Wholesale natural gas prices remained at reasonable levels during July with one noticeable outlier in Southern California (SoCal Border), where prices shot up to nearly $15/MMBtu on July 24. The high prices in Southern California were a result of both the extremely hot weather and planned and unplanned maintenance outages throughout the Southern California natural gas transmission system. At the Henry Hub in Louisiana, historically the proxy pricing point in the U.S., prices traded between the $2.73-$2.96/MMBtu range during the month.
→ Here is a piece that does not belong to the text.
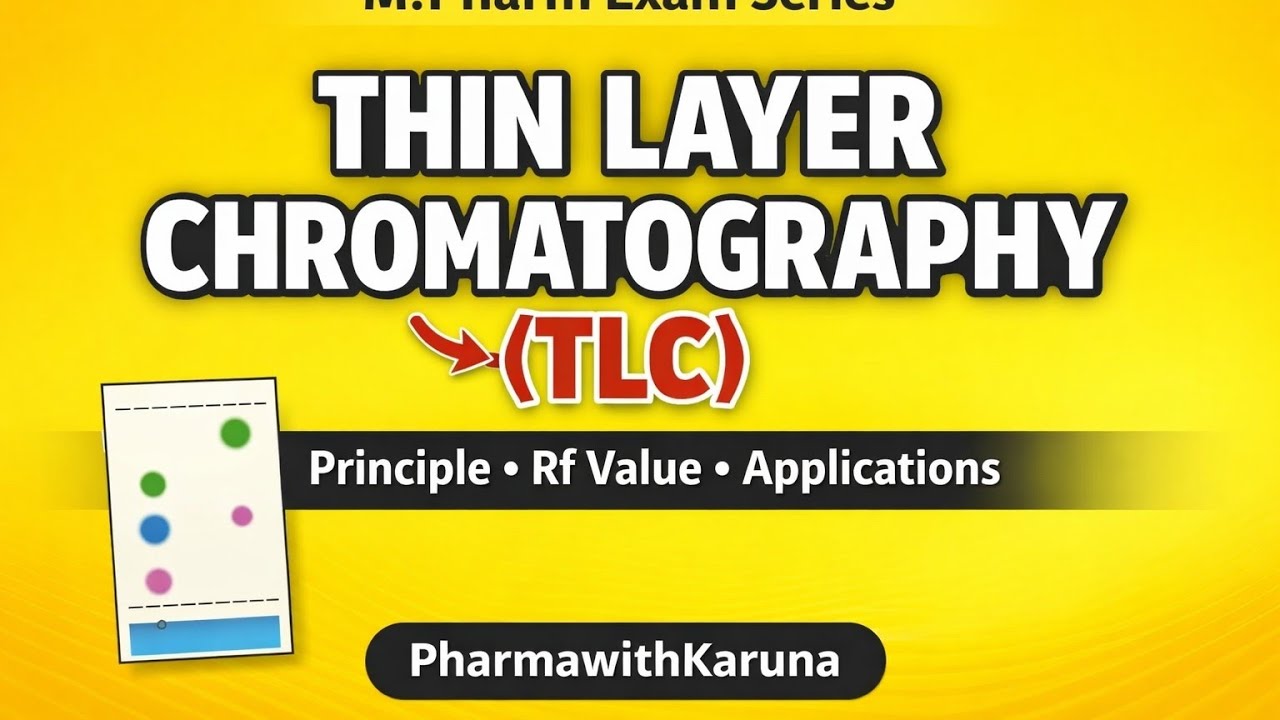 Thin Layer Chromatography (TLC) Explained in Hindi | Principle, Procedure, Rf Value & Application.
Electricity system daily peak demand


Electric systems selected for daily peak demand

Electricity system daily peak demand levels were very high across many systems in July. 12-month high demand levels were recorded in New England (ISONE), which reached 24,188 MW on July 5 and in New York State (NYISO), which reached 31,293 MW on July 2. Both of these demand levels fell far short of all-time records on both systems. In Texas (ERCOT), the daily peak demand record was broken on July 18 and then again on July 19, reaching 73.3 GW. This is an astounding 2.2 GW above the earlier record of 71.1 GW set on August 11, 2016. Peak demand records are typically just above previous peaks, not a 2.2 GW leap as recorded in ERCOT. This record was shattered due to very high temperatures, with hundreds of high temperature records broken in July across the state, and high population growth that has continued for many years.